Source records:
====

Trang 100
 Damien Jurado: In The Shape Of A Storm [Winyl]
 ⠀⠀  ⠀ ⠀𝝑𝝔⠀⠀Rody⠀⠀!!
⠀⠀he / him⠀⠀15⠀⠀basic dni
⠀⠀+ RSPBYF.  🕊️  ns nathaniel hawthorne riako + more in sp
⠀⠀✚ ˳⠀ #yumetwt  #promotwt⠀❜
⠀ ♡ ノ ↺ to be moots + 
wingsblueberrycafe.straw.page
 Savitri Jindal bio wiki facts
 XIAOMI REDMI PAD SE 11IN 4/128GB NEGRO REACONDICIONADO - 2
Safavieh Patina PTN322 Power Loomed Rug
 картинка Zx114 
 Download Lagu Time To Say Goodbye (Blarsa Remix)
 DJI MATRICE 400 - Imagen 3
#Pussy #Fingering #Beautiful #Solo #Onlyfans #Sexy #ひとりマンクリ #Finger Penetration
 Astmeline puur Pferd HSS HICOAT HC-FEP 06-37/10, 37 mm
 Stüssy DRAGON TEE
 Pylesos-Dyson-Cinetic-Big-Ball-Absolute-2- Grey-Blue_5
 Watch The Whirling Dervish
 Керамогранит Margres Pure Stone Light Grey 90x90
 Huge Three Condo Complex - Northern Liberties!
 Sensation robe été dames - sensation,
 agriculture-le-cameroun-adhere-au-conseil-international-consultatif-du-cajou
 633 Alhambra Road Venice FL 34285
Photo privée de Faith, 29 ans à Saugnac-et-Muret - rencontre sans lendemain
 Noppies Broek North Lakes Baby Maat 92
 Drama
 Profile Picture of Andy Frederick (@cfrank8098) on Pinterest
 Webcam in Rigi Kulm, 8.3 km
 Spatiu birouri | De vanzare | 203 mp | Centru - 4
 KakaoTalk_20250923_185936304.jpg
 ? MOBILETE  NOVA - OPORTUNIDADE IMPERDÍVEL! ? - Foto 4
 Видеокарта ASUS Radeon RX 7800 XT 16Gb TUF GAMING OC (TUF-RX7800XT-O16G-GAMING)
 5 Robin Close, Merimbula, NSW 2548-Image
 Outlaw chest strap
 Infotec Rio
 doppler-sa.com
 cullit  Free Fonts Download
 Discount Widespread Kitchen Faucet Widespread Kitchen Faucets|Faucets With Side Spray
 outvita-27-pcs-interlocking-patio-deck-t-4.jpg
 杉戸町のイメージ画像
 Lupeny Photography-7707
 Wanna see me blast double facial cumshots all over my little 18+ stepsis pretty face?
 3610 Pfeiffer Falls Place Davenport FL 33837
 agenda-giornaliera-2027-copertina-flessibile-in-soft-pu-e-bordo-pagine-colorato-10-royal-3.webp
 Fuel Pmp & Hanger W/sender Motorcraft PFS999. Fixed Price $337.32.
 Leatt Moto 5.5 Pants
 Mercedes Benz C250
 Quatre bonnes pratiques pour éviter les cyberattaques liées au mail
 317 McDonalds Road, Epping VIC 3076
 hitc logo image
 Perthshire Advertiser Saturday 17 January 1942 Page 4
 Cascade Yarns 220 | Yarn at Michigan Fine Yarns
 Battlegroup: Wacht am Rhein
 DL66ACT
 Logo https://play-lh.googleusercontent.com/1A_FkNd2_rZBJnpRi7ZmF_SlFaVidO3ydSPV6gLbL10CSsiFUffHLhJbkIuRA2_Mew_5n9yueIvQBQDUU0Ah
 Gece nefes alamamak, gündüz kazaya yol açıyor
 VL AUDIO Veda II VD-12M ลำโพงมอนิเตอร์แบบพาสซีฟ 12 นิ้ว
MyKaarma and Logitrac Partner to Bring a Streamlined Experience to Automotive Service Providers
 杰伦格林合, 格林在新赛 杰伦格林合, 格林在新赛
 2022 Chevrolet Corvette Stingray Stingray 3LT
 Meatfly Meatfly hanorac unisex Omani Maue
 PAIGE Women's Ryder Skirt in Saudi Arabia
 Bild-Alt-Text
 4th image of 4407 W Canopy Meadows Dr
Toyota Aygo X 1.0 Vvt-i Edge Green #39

====

§ **Work instructions**:
Check the data above line by line for the word "Download". State only how many lines contain it.

§ **Finished exercise**:
2